Vinny took ten bites before he looked up from his veal. “Sorry, what was the last question?”

“How can you avoid paying taxes if you have $50,000 of profits on the books and can only depreciate $36,000?”

“Ah,” his eyes lit up. “When I buy a building, I wind up with a lot more than just walls and ceilings.”

“Like what?”

“Like furniture, lighting, appliances, cabinets. Most people lump all that stuff together with the building costs. But if you separate it, that other stuff mostly depreciates over 5 years, instead of 27.5. That’s called a cost segregation.

“To keep the numbers round, let’s say the land was worth $200,000, the building $800,000, and all that other stuff $200,000. Now what’s my depreciation? Plug that into your phone and see what you get.”

I was already entering it. The $800,000 still depreciated over 27.5 years, so that gave me $29,090 for the building component. For the next bit, I didn’t even need my calculator. $200,000 divided by 5 years is $40,000 a year. Adding those together, I got “$69,090. Wait, but that means you have more depreciation than you’re making.”

“Exactly.” He rubbed his hands together like a movie villain. “So not only does the depreciation knock out the entirety of my $50,000 in profits, it knocks out another $19,000 from other properties.”

This sounded too good to be true. “You can use depreciation from one building to offset income from other sources?”

“You never appreciated the beauty of depreciation before, did you?” Vinny took a bite of his veal, showing an almost indecent amount of pleasure.

“You ever worry about having too much depreciation?”

“Absolutely. The total amount I get is fixed. It’s not like the IRS will send me a check if I have more depreciation than income, so I don’t want to waste it. I keep a close eye on how much depreciation I need. I only do cost segregations when I have enough income to offset. If I didn’t have enough when I bought this last building, I could have let the entire $1,000,000 depreciate over the 27.5 year period. Then, if there came a year when I needed more depreciation, I could retroactively separate out the furniture and stuff.” Vinny popped a scallop into his mouth.

“You don’t need to do the cost segregation when you buy?”

“Nope. And in the year you do the segregation, you get to pile on all that extra depreciation from the years you missed. Using our numbers, the segregation gave us an additional $33,000 a year in depreciation for the first five years. Let’s say I didn’t need that deduction in the first two years, so I waited until year three. In addition to the $33,000 coming to me that year, I can add $66,000 from the two years I missed.”

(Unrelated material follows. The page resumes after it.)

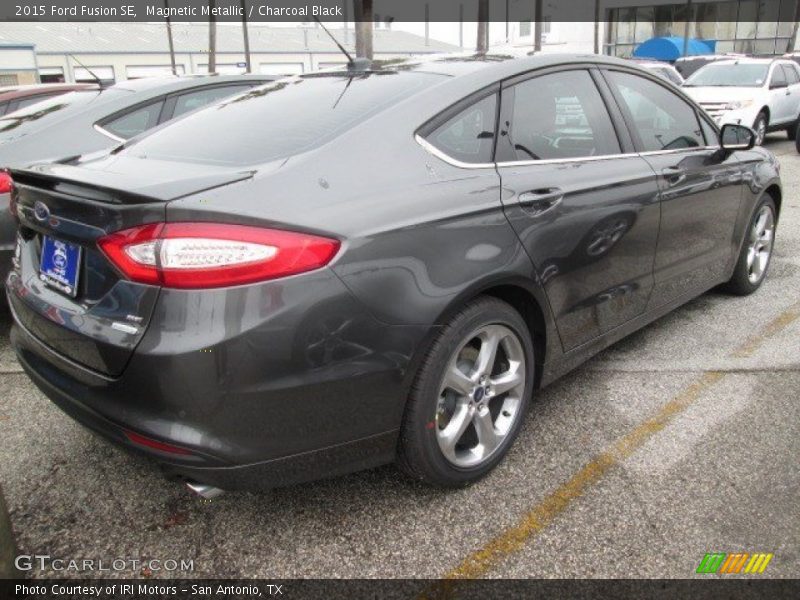 Magnetic Metallic / Charcoal Black 2015 Ford Fusion SE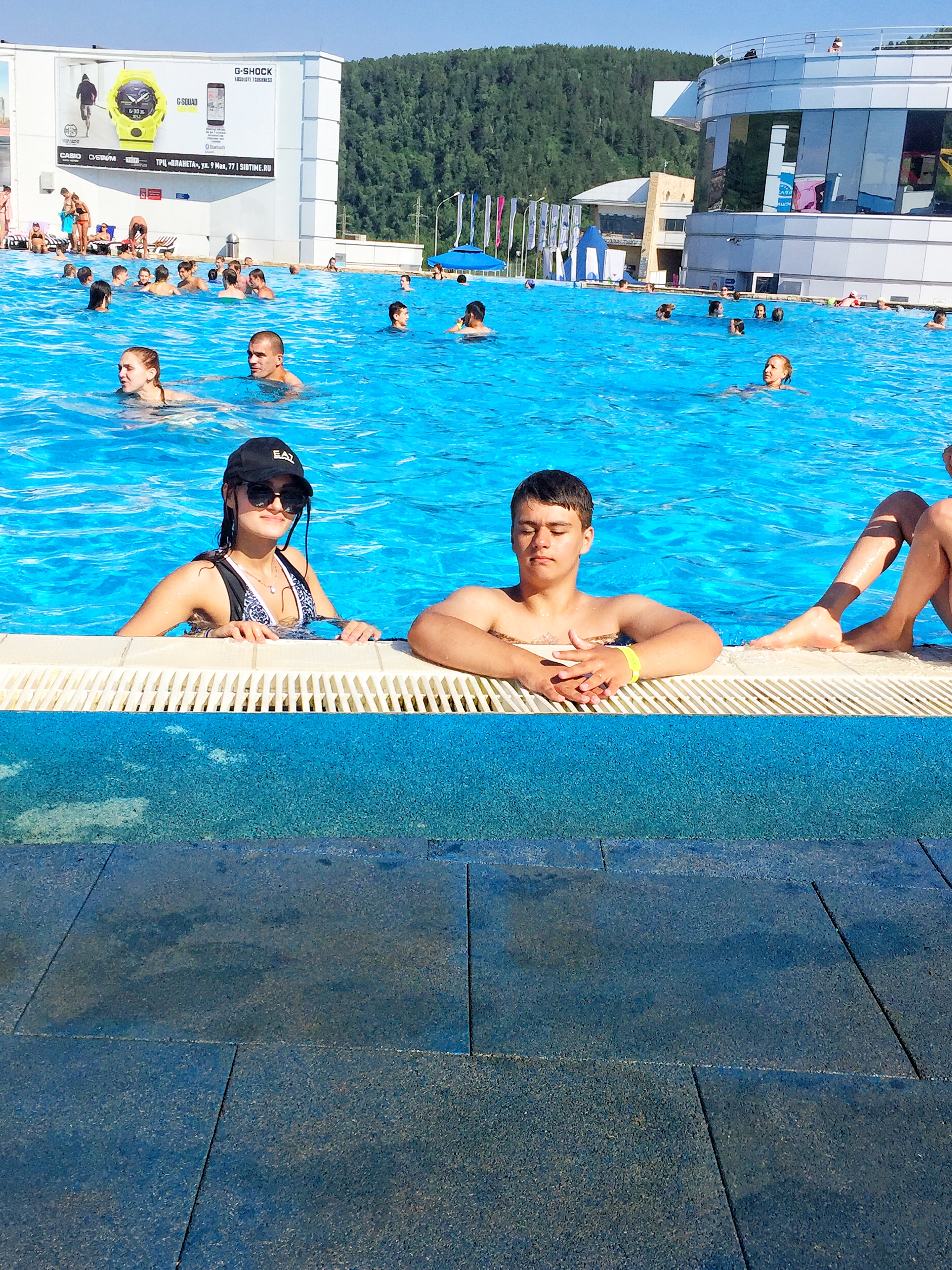 Бассейн в бобровом логу красноярск. Бассейн в бобровом логу красноярск. Фанпарк бобровый лог красноярск. Мираж бассейн. Бассейн в бобровом логу красноярск.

“You’d be able to offset almost $100,000 worth of income?”

“Ain’t it great?”

“But it’s not like the segregation increases your depreciation, you just use it up faster.”

“The total is the same, but why wait 20 years to get my money?” It was hard not to get distracted by the piece of veal on the end of his fork. “The cash I have in hand now I can use to buy more properties. It’s compounding at a mad rate.”